Il cibo quale elemento universale, oggetto di valore e di consumo, ma anche ponte della conoscenza tra i popoli, tra identità e civiltà, storie e pratiche. È quanto indaga uno dei più grandi fotografi americani, Steve McCurry, attraverso la rassegna Cibo, in corso fino al 6 gennaio 2020 ai Musei San Domenico di Forlì. Curata da Monica Fantini, Fabio Lazzari e Biba Giacchetti, l’esposizione presenta 80 scatti, per larghissima parte mai esposti e stampati prima, del plurivincitore del World Press Photo.
Un racconto fotografico sul cibo e sui modi di produrlo, trasformarlo e consumarlo e nella messa in evidenza del suo valore. E la maestria di McCurry sia nell’uso del colore, che dell’empatia e dell’umanità rendono queste immagini indimenticabili.

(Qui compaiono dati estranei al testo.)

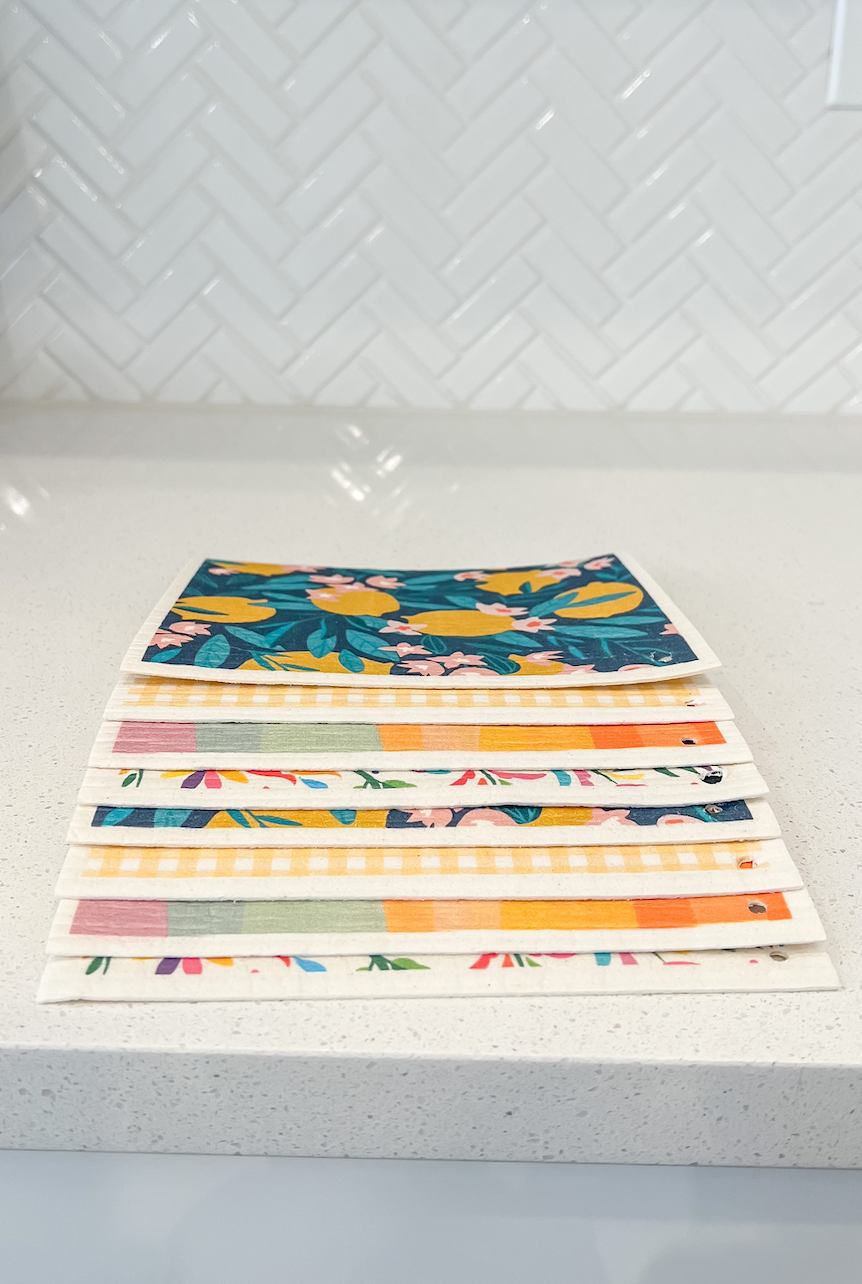 Yellow Check Swedish Dishcloth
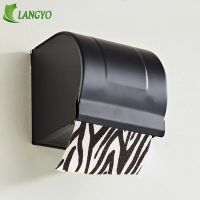 Matte Black Bathroom Tissue Box Holder  European Toilet Paper Roll Holders Wall Mount Kitchen Waterproof Paper Holder Box Toilet Roll Holders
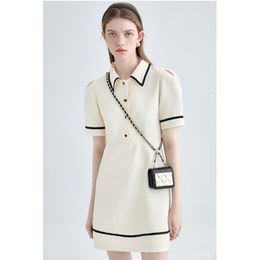 Urban Sexy Dresses Woman Polo Shirt Dress Beige Academic Style Summer Short Sleeve Casual Waist Buttons Fashion Elegant Cute Robe Female Skirt 230810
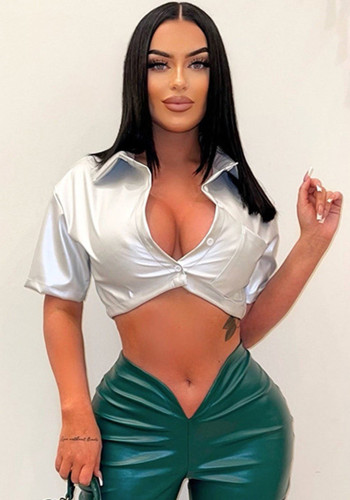 Women's Summer Sexy Crop Short-Sleeved Pu Leather Jacket For Women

Nato a Darby, in Pennsylvania, nel 1950, McCurry è stato insignito del Robert Capa Gold Medal, del premio della National Press Photographers e per quattro volte ha vinto il World Press Photo. Di certo “ogni fotografia di Steve McCurry – ricorda Monica Fantini – cerca l’universale nel particolare. È paradigmatica di una persona o di un’intera comunità: vale sia per le figure commoventi che consumano un pasto nella solitudine, come per i frammenti di mercati in cui i pesci, la frutta o le spezie si fanno odori, suoni, sapori e partecipazione emotiva a una realtà”.
Il progetto scenico della mostra, ideato da Peter Bottazzi, si sviluppa in cinque sezioni che seguono il ciclo di vita del cibo, tra l’America Latina, l’Asia e l’Europa, e con strutture scenografiche e video che rendono la mostra un’esperienza immersiva dal punto di vista fisico ed emozionale. Così se la prima sezione introduce al ciclo di vita del cibo, la seconda rappresenta il pane come alimento primario, e come linguaggio universale. E a seguire è la produzione del cibo e quindi il lavoro nei campi, nelle piantagioni e nel mare. E allo stesso modo, se la quarta sezione è focalizzata sulla trasformazione del cibo, l’ultima invece si caratterizza per la dinamica dedicata alla coesione che il cibo genera, allo stare insieme e nel consumarlo per sfamarsi e per non sprecarlo, e per riportare il cibo al suo valore centrale di vita. Un messaggio etico è anche quello che risalta da queste fotografie. E in questo modo ogni fotogramma di McCurry cerca di raccontare per intero la storia di una persona, di una comunità, o di un Paese.
Ed è così che nella rassegna Cibo ogni foto risulta essere una traccia e un segno, lungo i quali le persone si riconoscono consumando il proprio pasto nella solitudine o in riservatezza, o attraverso i diversi alimenti - verdure, frutta, spezie - che ricoprono i luoghi e i mercati quale possibile forma di una socialità e di un esser interni a differenze e identità, nell’uguaglianza di esseri umani che condividono un pezzo di storia e di vita. E ciò si manifesta tanto nella parte dedicata al lavoro, quanto nella preparazione e nello scambio del cibo che preserva la dignità sacrale del vivere. E ancora, allo stesso modo, lo si ritrova negli scatti in cui il mangiare insieme diventa il fulcro di convivialità e di una condivisione.
Così, in queste fotografie, McCurry raccontandoci idealmente il ciclo della vita ci spinge a una riflessione profonda su come questo elemento necessario all’esistenza, sia presente in modi così diversi nelle regioni del nostro Pianeta. E proprio in tal senso il fotografo statunitense coglie assai bene l’attimo irripetibile di una quotidianità dal sapore eroico, fermando gesti e cogliendo volti le cui sfumature sono espressione di una narrazione infinita, l’indagine su storie in grado di svelare vissuti e oggetti quotidiani del nostro tempo: il cibo.